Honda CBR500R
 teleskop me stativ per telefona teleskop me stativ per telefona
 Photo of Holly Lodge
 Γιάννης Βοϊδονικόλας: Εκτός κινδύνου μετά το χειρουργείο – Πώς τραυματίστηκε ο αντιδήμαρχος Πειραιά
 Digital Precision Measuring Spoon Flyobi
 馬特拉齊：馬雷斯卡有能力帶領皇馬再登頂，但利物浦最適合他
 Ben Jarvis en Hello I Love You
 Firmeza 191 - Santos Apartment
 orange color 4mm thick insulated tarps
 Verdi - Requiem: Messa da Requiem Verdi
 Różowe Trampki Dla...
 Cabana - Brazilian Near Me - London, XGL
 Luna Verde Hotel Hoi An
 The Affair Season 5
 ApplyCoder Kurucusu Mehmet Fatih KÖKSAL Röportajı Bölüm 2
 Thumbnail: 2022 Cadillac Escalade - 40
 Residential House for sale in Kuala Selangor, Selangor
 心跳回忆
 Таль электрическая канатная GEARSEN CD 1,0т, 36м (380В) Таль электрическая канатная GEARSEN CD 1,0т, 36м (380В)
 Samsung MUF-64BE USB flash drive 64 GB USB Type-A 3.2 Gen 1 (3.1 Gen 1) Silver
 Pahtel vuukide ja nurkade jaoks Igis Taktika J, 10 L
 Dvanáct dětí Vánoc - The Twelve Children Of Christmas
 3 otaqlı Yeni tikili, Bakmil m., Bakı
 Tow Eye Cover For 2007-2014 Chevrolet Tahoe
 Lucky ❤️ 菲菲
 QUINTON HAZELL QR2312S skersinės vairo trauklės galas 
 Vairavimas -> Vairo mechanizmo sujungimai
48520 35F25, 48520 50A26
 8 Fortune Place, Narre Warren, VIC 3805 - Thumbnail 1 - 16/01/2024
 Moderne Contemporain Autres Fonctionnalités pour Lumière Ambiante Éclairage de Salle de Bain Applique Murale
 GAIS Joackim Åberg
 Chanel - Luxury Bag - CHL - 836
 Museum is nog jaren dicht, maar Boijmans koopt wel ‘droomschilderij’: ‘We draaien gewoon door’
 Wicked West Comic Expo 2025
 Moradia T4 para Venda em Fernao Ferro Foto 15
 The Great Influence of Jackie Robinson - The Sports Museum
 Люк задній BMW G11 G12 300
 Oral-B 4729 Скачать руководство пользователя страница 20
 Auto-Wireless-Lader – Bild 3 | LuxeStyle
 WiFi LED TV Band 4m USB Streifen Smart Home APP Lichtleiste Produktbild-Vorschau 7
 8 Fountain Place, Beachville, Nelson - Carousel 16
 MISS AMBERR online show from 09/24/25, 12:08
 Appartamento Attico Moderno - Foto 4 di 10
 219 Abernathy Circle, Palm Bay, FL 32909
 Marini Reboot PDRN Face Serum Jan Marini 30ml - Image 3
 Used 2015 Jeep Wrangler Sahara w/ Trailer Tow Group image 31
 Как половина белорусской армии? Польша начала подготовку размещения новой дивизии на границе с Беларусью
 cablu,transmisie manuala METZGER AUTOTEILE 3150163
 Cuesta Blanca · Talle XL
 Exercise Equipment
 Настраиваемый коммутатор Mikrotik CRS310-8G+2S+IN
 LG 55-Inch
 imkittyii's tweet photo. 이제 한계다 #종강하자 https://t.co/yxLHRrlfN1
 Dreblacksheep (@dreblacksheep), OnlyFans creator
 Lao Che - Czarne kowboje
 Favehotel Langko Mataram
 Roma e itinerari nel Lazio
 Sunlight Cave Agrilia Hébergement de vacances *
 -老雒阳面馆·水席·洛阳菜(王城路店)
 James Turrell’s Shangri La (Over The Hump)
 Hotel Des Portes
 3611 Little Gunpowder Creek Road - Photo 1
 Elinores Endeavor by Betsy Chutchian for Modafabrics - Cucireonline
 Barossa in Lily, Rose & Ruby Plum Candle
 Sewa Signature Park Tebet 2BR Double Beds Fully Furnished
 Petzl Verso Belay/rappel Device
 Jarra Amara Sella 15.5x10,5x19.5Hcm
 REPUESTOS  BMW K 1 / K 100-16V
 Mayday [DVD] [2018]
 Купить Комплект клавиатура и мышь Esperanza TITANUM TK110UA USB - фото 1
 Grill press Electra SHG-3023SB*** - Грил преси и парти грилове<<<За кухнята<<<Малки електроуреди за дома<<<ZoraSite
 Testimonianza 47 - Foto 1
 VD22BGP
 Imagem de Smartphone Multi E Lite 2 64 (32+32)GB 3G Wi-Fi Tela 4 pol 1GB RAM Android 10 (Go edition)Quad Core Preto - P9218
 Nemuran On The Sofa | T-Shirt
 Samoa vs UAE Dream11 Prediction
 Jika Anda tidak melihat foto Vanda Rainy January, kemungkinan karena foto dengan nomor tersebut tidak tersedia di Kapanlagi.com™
=-=-=-=-=
▶ [Your task]: Working through the records above, copy each line in which "Place" is found.

▶ [Written answer]:
 8 Fortune Place, Narre Warren, VIC 3805 - Thumbnail 1 - 16/01/2024
 8 Fountain Place, Beachville, Nelson - Carousel 16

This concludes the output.